Cyber products don't belong on munitions list, State Dept. DTAG says
U.S. Department of State’s Defense Trade Advisory Group (DTAG) reportedly recommended against adding new cyber products to the munitions list.
U.S. Department of State's Defense Trade Advisory Group (DTAG) met to discuss the classification of “cyber products” and recommended against adding new “cyber products” to the munitions list, according to a Department of State representative.
Several cyber products are currently included on the munitions list, such as equipment designed or modified to use cryptographic techniques to generate spreading code, burst techniques, and information security to suppress the compromising emanations of information-bearing signals.
And, the State Department may add additional cyber items to the munitions list.
State's Defense Trade Advisory Group is an advisory panel of private sector defense exporters and defense trade specialists.

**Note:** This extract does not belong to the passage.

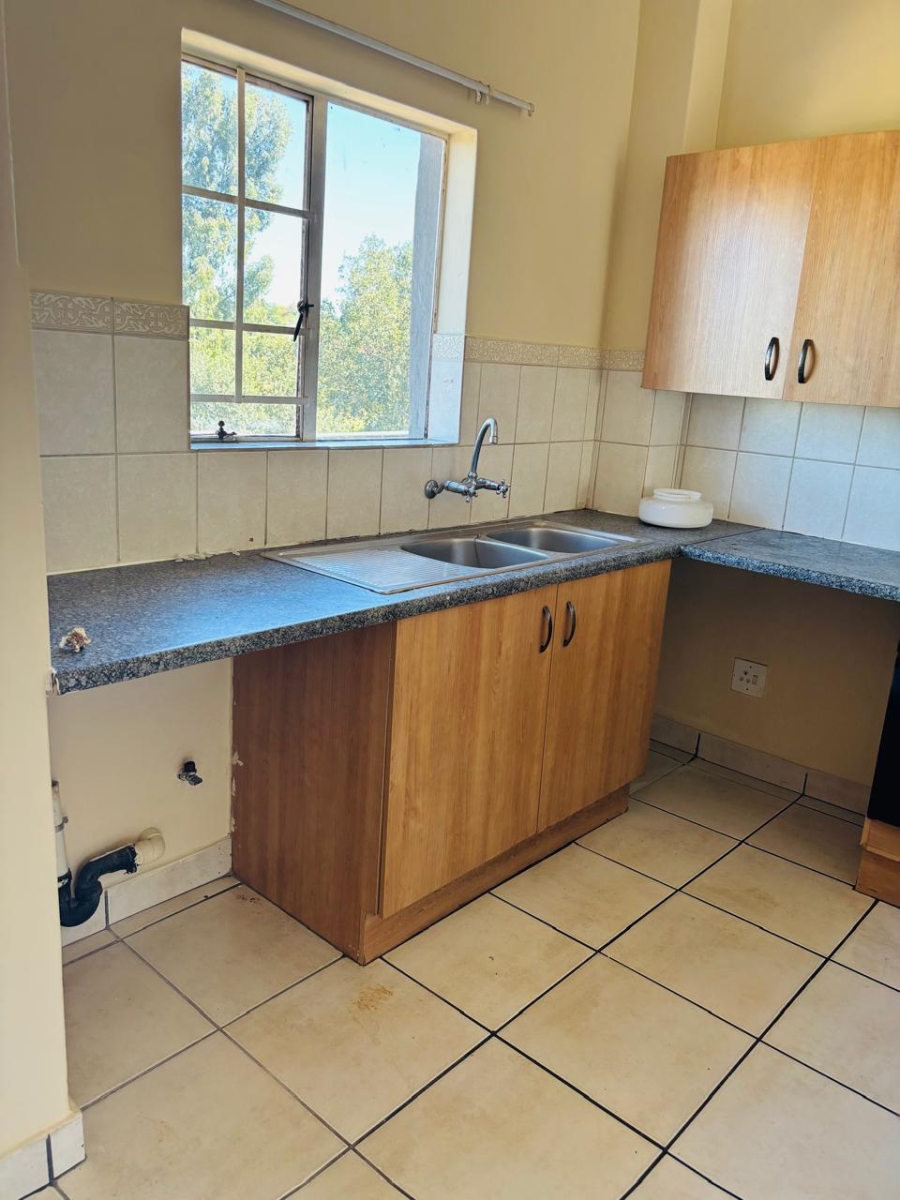 To Let 2 Bedroom Property for Rent in Castleview Gauteng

According to Politico, Rebecca Conover, a member of the Defense Trade Advisory Group and Intel's export compliance program manager, said, “We do think that it would be a negative impact to add more controls on cyber products.”
A State Department spokesperson told SCMagazine.com in an email correspondence, “We are currently reviewing these recommendations, and value the DTAG's role in helping the United States support U.S. exports and innovation in a manner that furthers our foreign policy and national security interests by protecting potentially sensitive technologies, in accordance with the Arms Export Control Act.”
If State follows STAG's recommendations, it may make it easier for technology companies to expand into in China, Russia, and Iran, among other locations. Enterprise companies have faced difficulties operating in these areas, but State only regulates cyber products that are specifically military or intelligence products. Exports such as dual use or commercial products are not covered under States jurisdiction.
The Electronic Frontier Foundation (EFF) penned a blog post celebrating DTAG's recommendation. EFF senior staff attorney Nate Cardozo and global policy analyst Eva Galperin wrote that countries should be held accountable for using malware to spy on political opponents, but added “export controls on ‘cyber products' aren't the solution”. The EFF staffers wrote, “In the export control wars, this is a rare victory for common sense.”
And Nathan Leamer, a policy analyst at the R Street, a Washington, D.C.-based think tank, agreed that cyber products should not be added to the control list. Leamer told SCMagazine.com that U.S. officials focus on government back doors “when every CTO in the country is opposed” to that approach – rather than fostering enterprise and communication.
Pentagon CIO Terry Halvorsen said recently the U.S. needs to improve its cyber warfare capabilities, stressing that the U.S. must find a way to thrive in an environment of accelerated change.
“We do not own the marketplace,” The Hill quoted Halvorsen as saying. “If you're buying a submarine, we kind of own the marketplace. If you buy an aircraft carrier, we kind of own the marketplace. If you're buying software, technology, we don't own it.”